KGMM: A K-means Clustering Approach to Gaussian Mixture Modeling for Score Function Estimation
Ludovico T. Giorgini, Tobias Bischoff, Andre N. Souza
TL;DR
This work tackles the challenge of estimating the score function, the gradient of the log steady-state density, in complex dynamical systems. It introduces KGMM, a two-stage approach that first uses bisecting K-means clustering with Gaussian Mixture Models to obtain cluster-wise, noise-averaged score targets, and then trains a neural network to interpolate the score across state space. KGMM demonstrates accurate recovery of invariant measures and long-time statistics for potential, chaotic Lorenz-type, and KS systems, while offering substantial computational savings over conventional Denoising Score Matching.
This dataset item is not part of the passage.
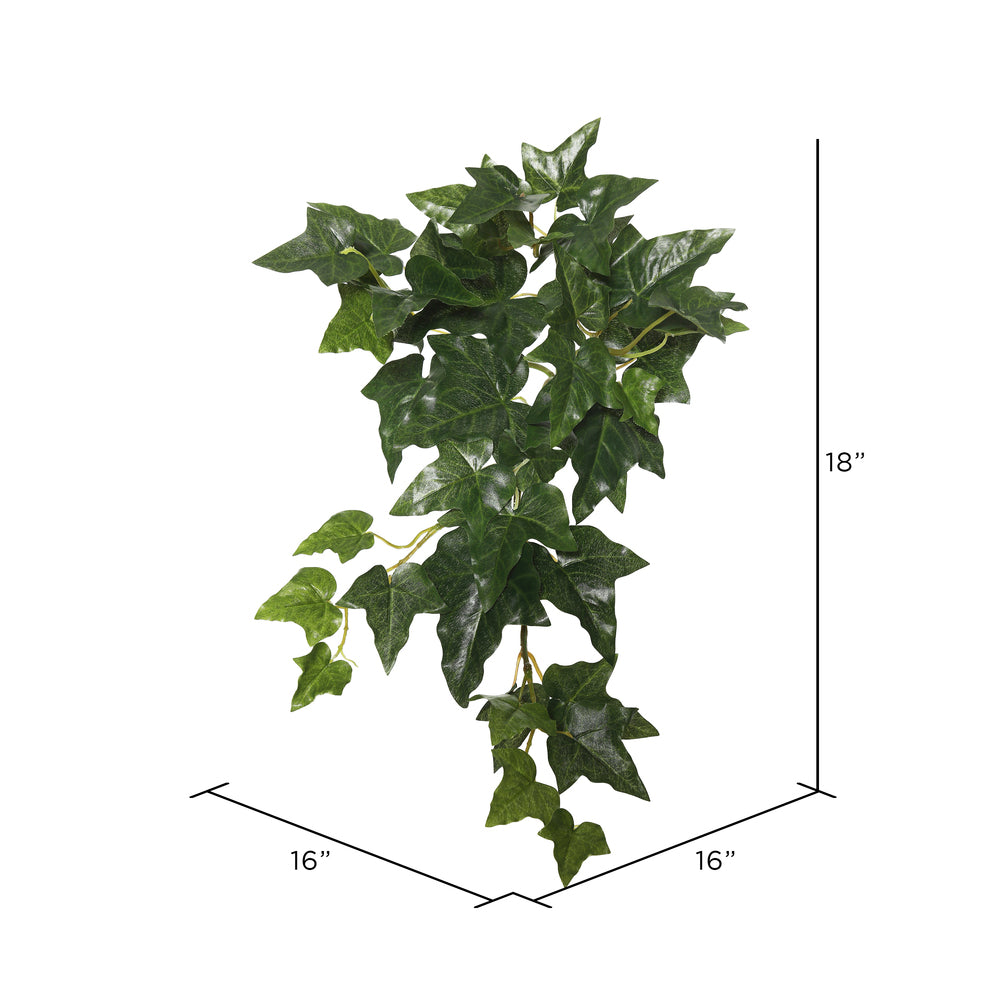 Vickerman 18" Artificial Green English Ivy Hanging Bush 3/pk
The method shows particular strength in moderate dimensions and large datasets, with clear guidelines on hyperparameter choice and limitations due to dimensionality and finite-$\sigma$ bias. Overall, KGMM advances data-driven, reduced-order stochastic modelling by providing a robust, efficient framework for score-function estimation in complex dynamical systems.
Abstract
We propose a hybrid method for accurately estimating the score function, i.e., the gradient of the log steady-state density, using a Gaussian Mixture Model (GMM) in conjunction with a bisecting K-means clustering step. Our approach, which we call KGMM, offers a systematic way to combine statistical density estimation with a neural-network-based interpolation of the score, leveraging the strengths of both. We demonstrate its ability to accurately reconstruct the long-time statistical properties of several paradigmatic systems, including potential systems, chaotic Lorenz-type models, and the Kuramoto-Sivashinsky equation. Numerical experiments show that KGMM yields robust estimates of the score function, even for small values of the covariance amplitude in the GMM, where standard GMM methods tend to fail because of noise amplification. We compare the performance of KGMM against the conventional Denoising Score Matching (DSM) approach, demonstrating that KGMM achieves more faithful reconstruction of the steady-state distribution for low-dimensional systems at a fraction of the computational cost. These accurate estimates allow us to build effective stochastic reduced-order models that reproduce the invariant measures of the target dynamics.